With all that evidence, it makes me wonder why it’s taken 70 years to get to this point. It seems that it would be unlikely that it would have been anyone else. Why the decades-long remaining mystery and apparent cover-up?
They lost the original bones, and these are “new” ones?
As I read more about this, I come to two conclusions. First, these TIGHAR people seem to be convinced that they've discovered where Earhart died. That is likely shading what they're 'discovering' and NOT 'discovering' at this point.

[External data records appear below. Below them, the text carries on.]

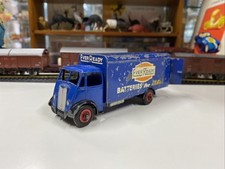 Dinky Toys / SUPERTOYS Made In England Camion Guy Van Ever Ready État Correct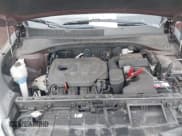 ✅ 2017 Kia Sorento L • VIN: 5XYPG4A34HG232374 • Lot: 43178947. Listed on IAAI with 85,147 mi. Free auction sales archive from the USA and detailed vehicle history report at DreamBid. Image 10.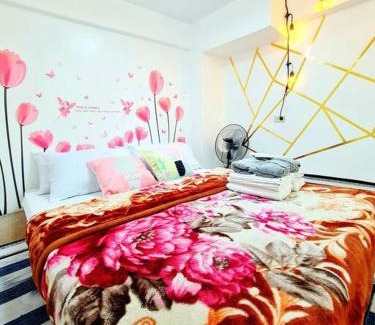 Tondo Apartment | Loft style affordable staycation in manila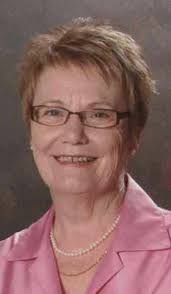 Obituary information for Jenny Power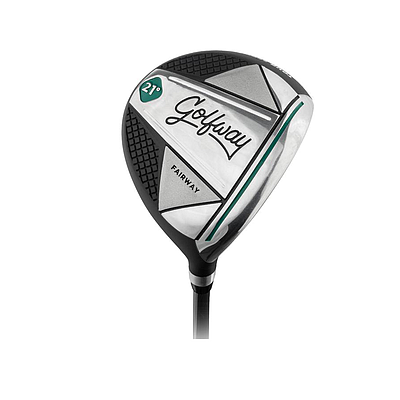 FAIRWAY (12-16+YEARS)GOLFWAY CHAMPION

Second, if everything reported is true, this could well be where Earhart pul her Electra down on a reef. There have apparently been other findings, including a piece of plexiglass the exact thickness, curvature, and shape of a rear window of an Electra. All these items - a woman's shoe from the 1930's, of the type Earhart wore, with an American (Cat's-Paw) heel; the same model pocket knife carried on Earhart's last flight; a 1930's compact; an American zipper pull from the 1930's; cut-up pieces of aircraft aluminum with the same type of rivet used on the Electra; pieces of a hand lotion bottle manufactured in the US circa 1935; and more - suggest there was a 1930's era Western woman castaway on the southeast point of the island.
Earhart? Who knows.
Also, remember that it was the bones and part of a sextant box (and perhaps part of a shoe) that was found in 1940. Everything else has been found over multiple expeditions to the island since the 1990s, bit by bit. And in 1940, speculation that the skeleton was that of Amelia Earhart was put to rest when the bones were examined on Fiji. They were determined to be of a mixed-race man, if I remember correctly. The bones and sextant box are long-since lost.
It's only been since the measurements taken in 1940 or so were entered into a computer that researchers concluded the skeleton was that of a white woman approximately 5'7". That researcher was part of the team trying to find Earhart and wasn't independent. She didn't have the bones, only measurements made on Fiji 50 years earlier.